Binary outcomes are:

Either 0 or 1
What we really want to model is $P(Y=1)$, a probability between 0 and 1

Linear regression can predict probabilities outside [0, 1] (impossible!) and the normality assumption makes no sense for binary data.

Concrete example: If we model churn with linear regression and get $\hat{y} = 1.3$ for a customer, what's their churn probability? 130%? Impossible.

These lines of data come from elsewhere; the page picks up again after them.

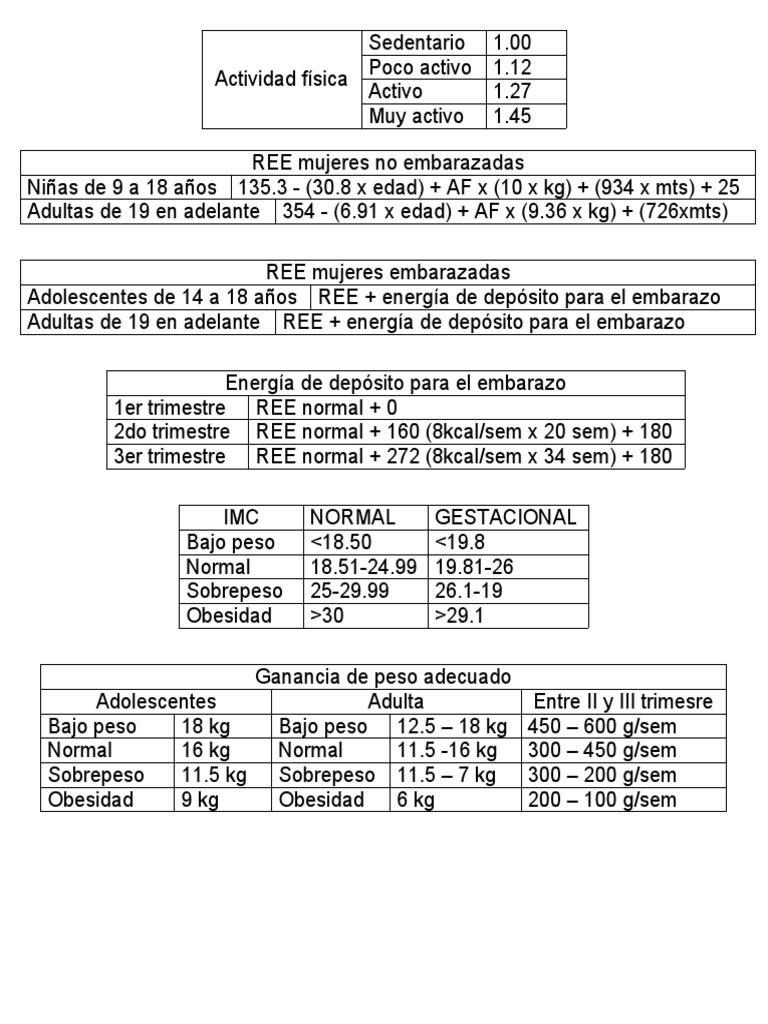 Formulas REE Embarazo | PDF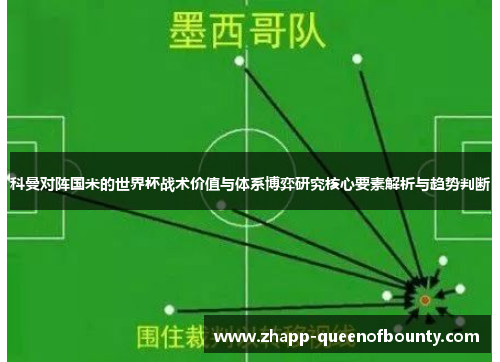 科曼对阵国米的世界杯战术价值与体系博弈研究核心要素解析与趋势判断 科曼对阵国米的世界杯战术价值与体系博弈研究核心要素解析与趋势判断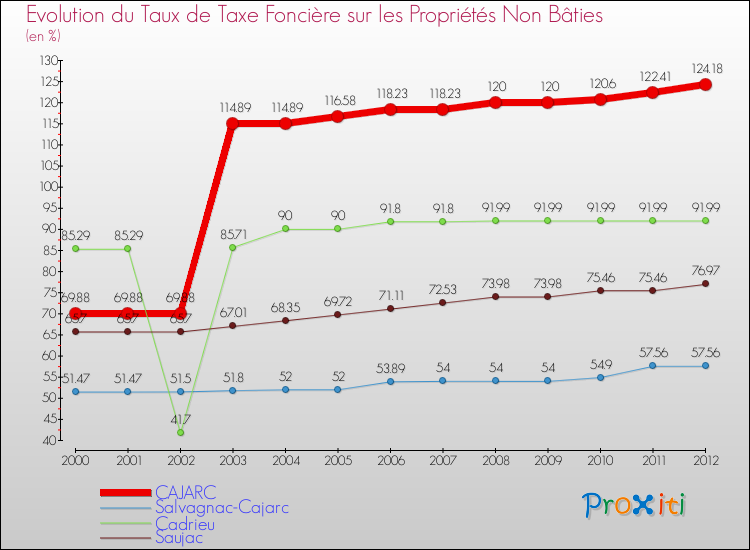 Evolution du taux de la taxe foncière sur les immeubles et terrains non batis pour CAJARC et les communes proches de 2000 à 2012 Comparaison des taux de la taxe foncière sur les immeubles et terrains non batis pour CAJARC et les communes voisines de 2000 à 2012
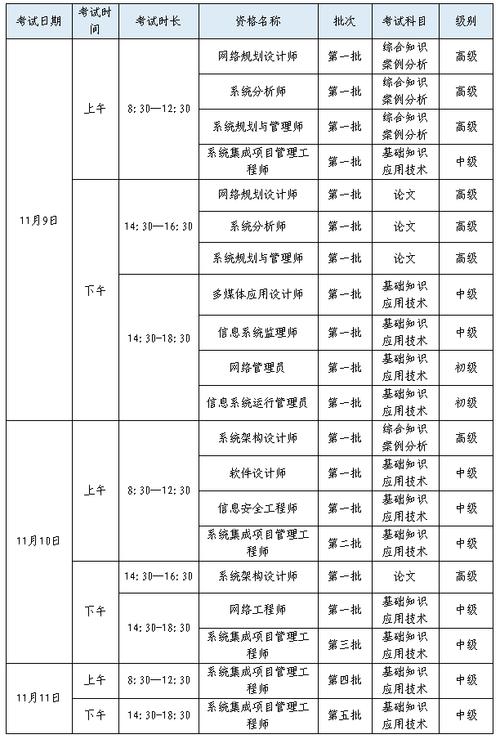 下半年有哪些考试,下半年考试有哪些?(2024头条知乎已更新)-第1张图片-家教网 下半年有哪些考试,下半年考试有哪些?(2024头条知乎已更新)-第1张图片-家教网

Problem 3: Positive Continuous Data¶

Example: Insurance claim amounts, time until failure, income.

Positive continuous data is:

Strictly positive
Often right-skewed
Variance often proportional to mean (or mean squared)

Linear regression can predict negative values and assumes the wrong variance structure.

Concrete example: Claim amounts can't be negative, but a linear model might predict $\hat{y} = -\$500$. Also, larger claims are more variable than smaller ones—the variance isn't constant.

1.3 The GLM Solution: Three Components¶

GLMs solve these problems elegantly by generalizing linear regression in three ways. A GLM has three components:

Component 1: Random Component (Distribution Family)¶

Instead of assuming $Y \sim N(\mu, \sigma^2)$, we allow $Y$ to follow any distribution from the exponential family, which includes:

Distribution	Typical Use Case	Support
Normal (Gaussian)	Continuous data	$(-\infty, +\infty)$
Poisson	Count data	$\{0, 1, 2, \ldots\}$
Binomial	Binary/proportion data	$\{0, 1\}$ or $[0, 1]$
Gamma	Positive continuous data	$(0, +\infty)$
Inverse Gaussian	Positive continuous data	$(0, +\infty)$
Negative Binomial	Overdispersed counts	$\{0, 1, 2, \ldots\}$

Each distribution has a variance function $V(\mu)$ that describes how variance relates to the mean:

Distribution	Variance Function $V(\mu)$	Meaning
Normal	$1$ (constant)	Variance doesn't depend on mean
Poisson	$\mu$	Higher mean → higher variance
Binomial	$\mu(1-\mu)$	Max variance at $\mu=0.5$
Gamma	$\mu^2$	Variance grows quadratically

Component 2: Systematic Component (Linear Predictor)¶

We keep the linear structure, defining the linear predictor:

\[ \eta_i = \beta_0 + \beta_1 x_{i1} + \beta_2 x_{i2} + \cdots = \mathbf{x}_i^T \boldsymbol{\beta} \]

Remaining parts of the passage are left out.